*** INFORMATION SUPPLIED

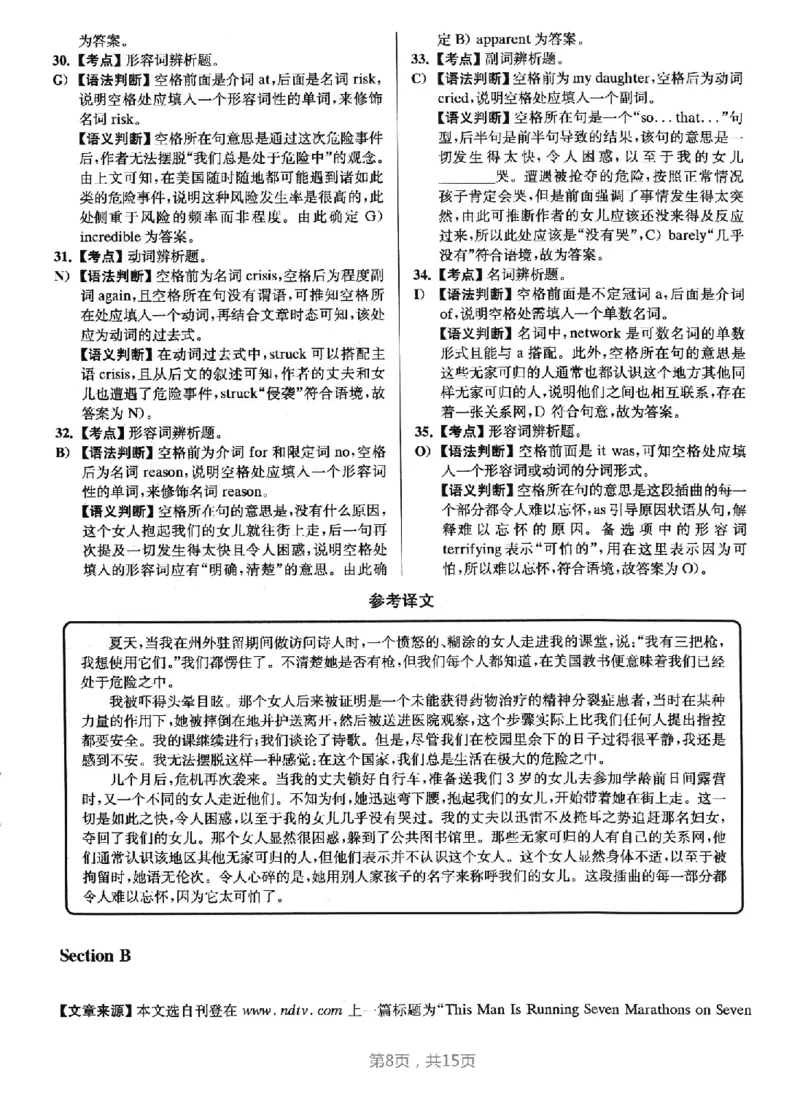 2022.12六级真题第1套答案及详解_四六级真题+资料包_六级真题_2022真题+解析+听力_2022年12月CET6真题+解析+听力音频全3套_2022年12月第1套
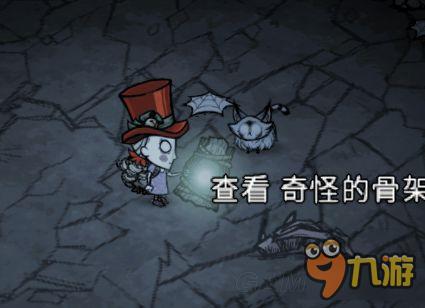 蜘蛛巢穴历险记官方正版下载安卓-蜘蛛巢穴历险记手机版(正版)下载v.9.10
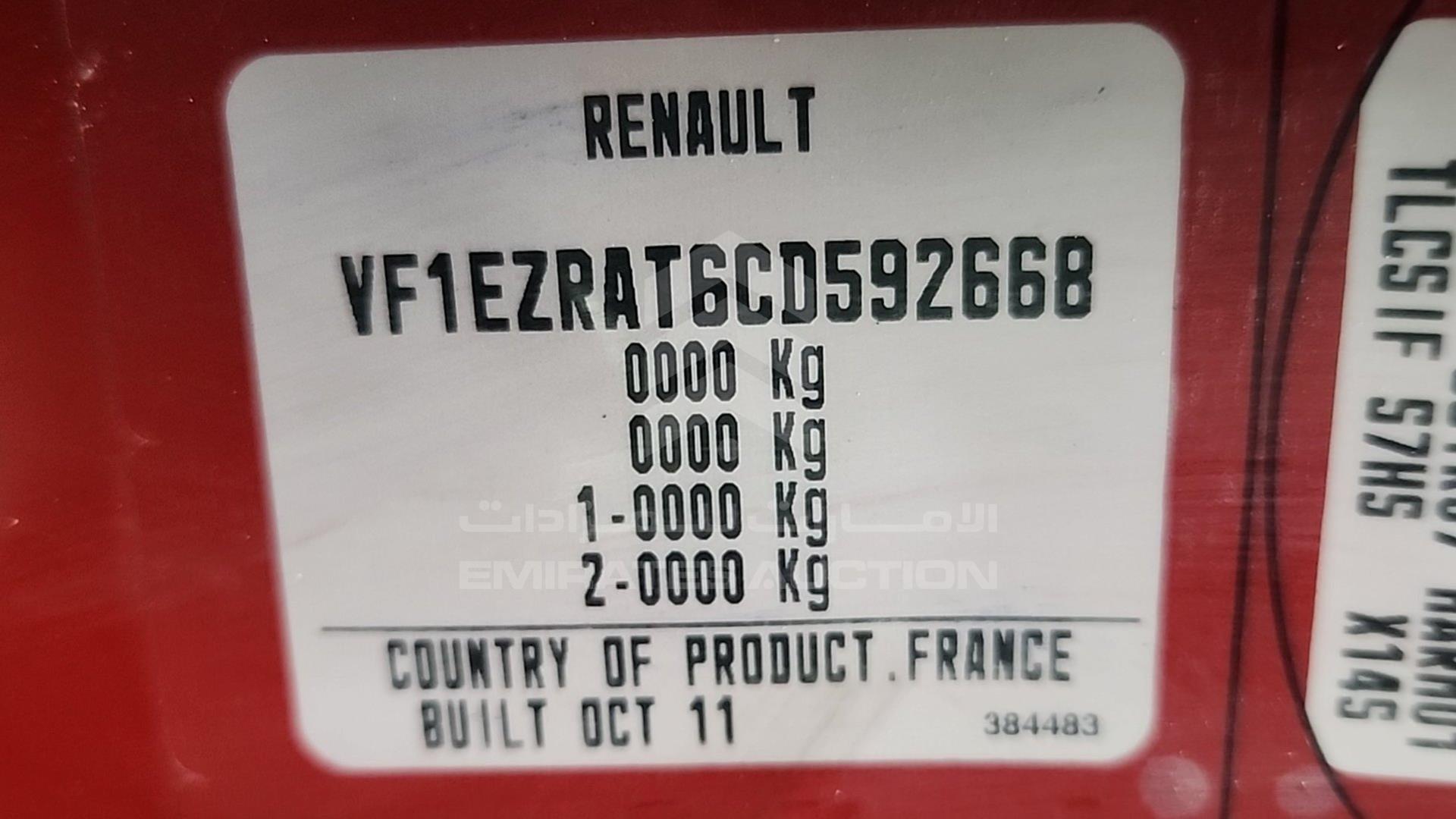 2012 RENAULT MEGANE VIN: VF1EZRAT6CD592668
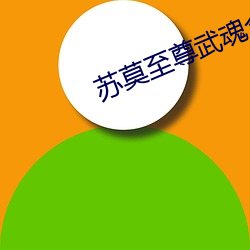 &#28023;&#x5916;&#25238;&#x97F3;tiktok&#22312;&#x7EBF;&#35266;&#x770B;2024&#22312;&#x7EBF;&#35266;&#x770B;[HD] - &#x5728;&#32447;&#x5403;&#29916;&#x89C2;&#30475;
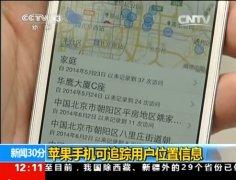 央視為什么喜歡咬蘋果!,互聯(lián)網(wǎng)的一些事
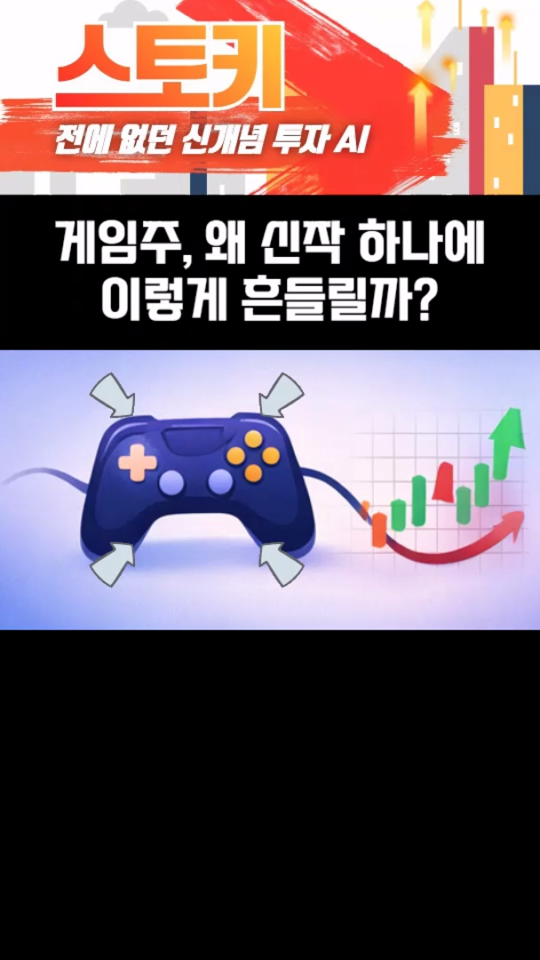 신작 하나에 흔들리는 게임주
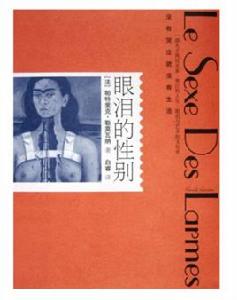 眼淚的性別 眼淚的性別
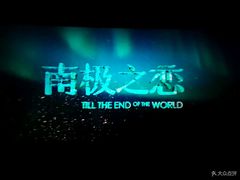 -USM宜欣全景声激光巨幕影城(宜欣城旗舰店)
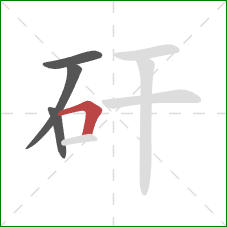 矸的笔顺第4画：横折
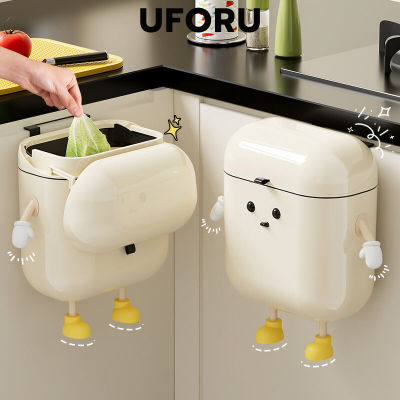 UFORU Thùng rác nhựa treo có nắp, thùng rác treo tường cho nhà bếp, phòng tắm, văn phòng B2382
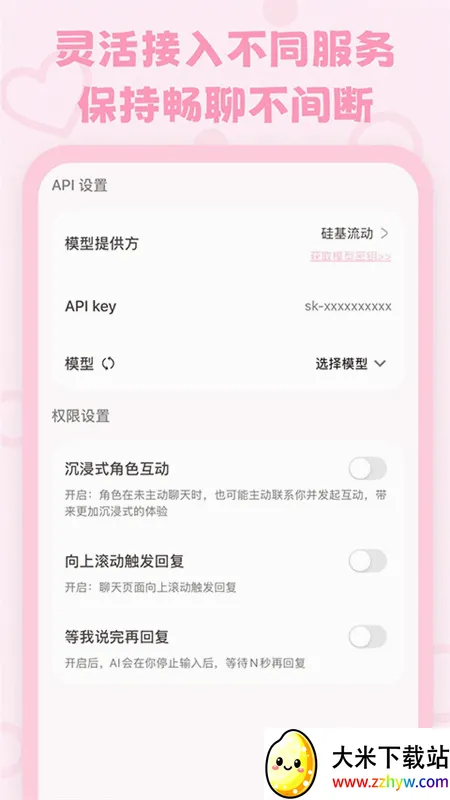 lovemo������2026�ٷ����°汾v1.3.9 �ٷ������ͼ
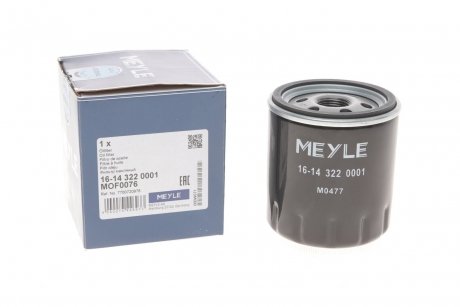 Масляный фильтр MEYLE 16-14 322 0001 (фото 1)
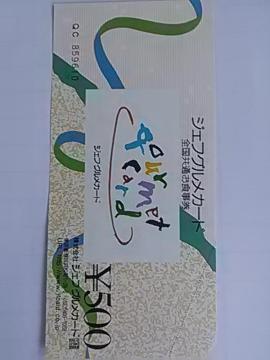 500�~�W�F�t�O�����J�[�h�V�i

******

AIM OF THE EXERCISE ▸ Where pictures appear, omit them, and transcribe exactly, with nothing else, the lines from the line with "lovemo������20" through the final line of the records above, both ends included.

ANSWER SPACE ▸
 lovemo������2026�ٷ����°汾v1.3.9 �ٷ������ͼ
 Масляный фильтр MEYLE 16-14 322 0001 (фото 1)
 500�~�W�F�t�O�����J�[�h�V�i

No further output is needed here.